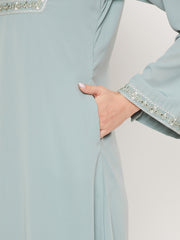 Embroidery  Abaya with Black Georgette Hijab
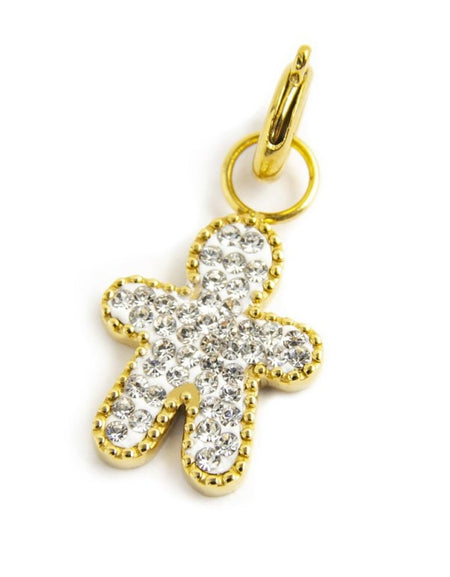 MARLÙ Pendente Charm Bimbo cristalli in acciaio dorato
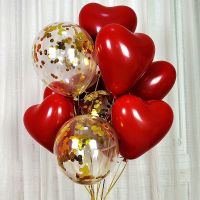 18pcs Ruby Red Love Heart Shape Latex Balloons Set Confetti Baby Shower Birthday Decoration Wedding Valentines Party Decor Balls Balloons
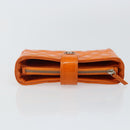 CHANEL Matelasse Pouch Patent leather Orange CC Auth 143091-5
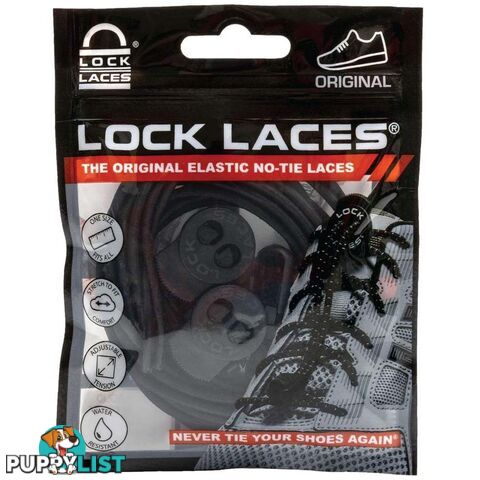 Lock Laces Original No Tie Shoes Laces - Black Solid - LL-ORIG-BKS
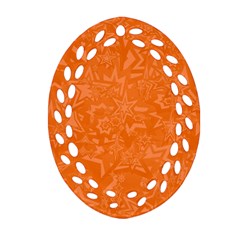 Orange-chaotic Oval Filigree Ornament (two Sides) by nateshop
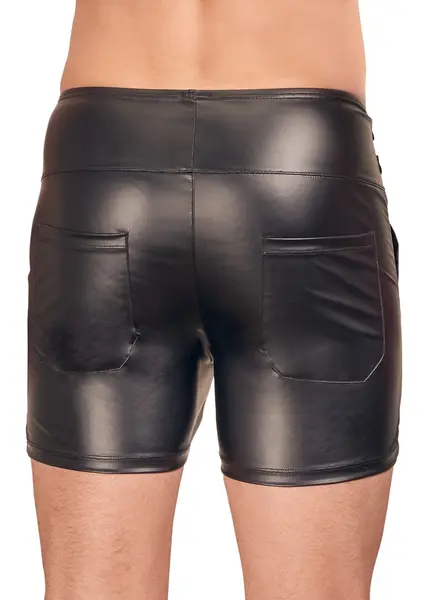 NEK Men's High-Waist Matte Black Shorts with Buckle Straps, Size S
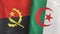 Algeria and Angola two flags textile cloth 3D rendering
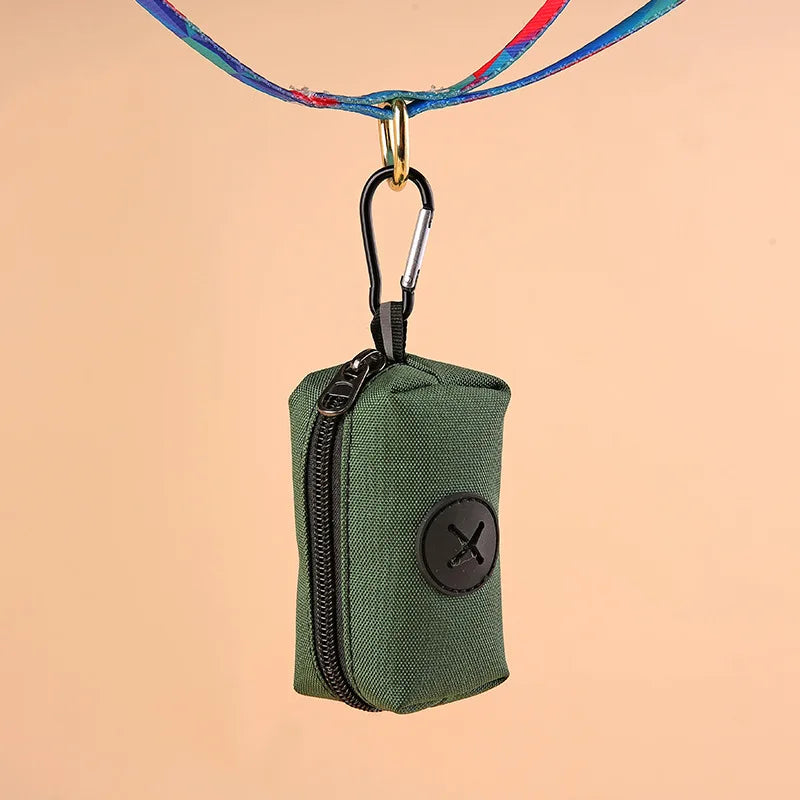 Canvas poop bag holder on leash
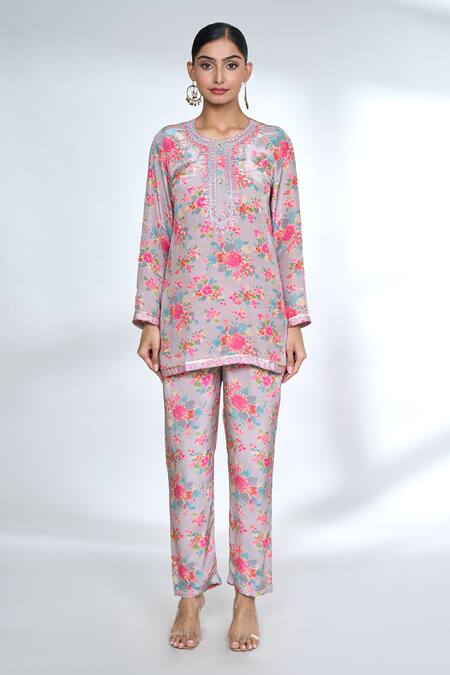 Gopi Vaid_Pink Round Neck Floral Print Top And Pant Set_Online_at_Aza_Fashions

────────────────────────────────────────

Line by line, return the listing above exactly, dropping every picture.

 Embroidery  Abaya with Black Georgette Hijab
 MARLÙ Pendente Charm Bimbo cristalli in acciaio dorato
 18pcs Ruby Red Love Heart Shape Latex Balloons Set Confetti Baby Shower Birthday Decoration Wedding Valentines Party Decor Balls Balloons
 CHANEL Matelasse Pouch Patent leather Orange CC Auth 143091-5
 Lock Laces Original No Tie Shoes Laces - Black Solid - LL-ORIG-BKS
 Orange-chaotic Oval Filigree Ornament (two Sides) by nateshop
 NEK Men's High-Waist Matte Black Shorts with Buckle Straps, Size S
 Algeria and Angola two flags textile cloth 3D rendering
 Canvas poop bag holder on leash
 Gopi Vaid_Pink Round Neck Floral Print Top And Pant Set_Online_at_Aza_Fashions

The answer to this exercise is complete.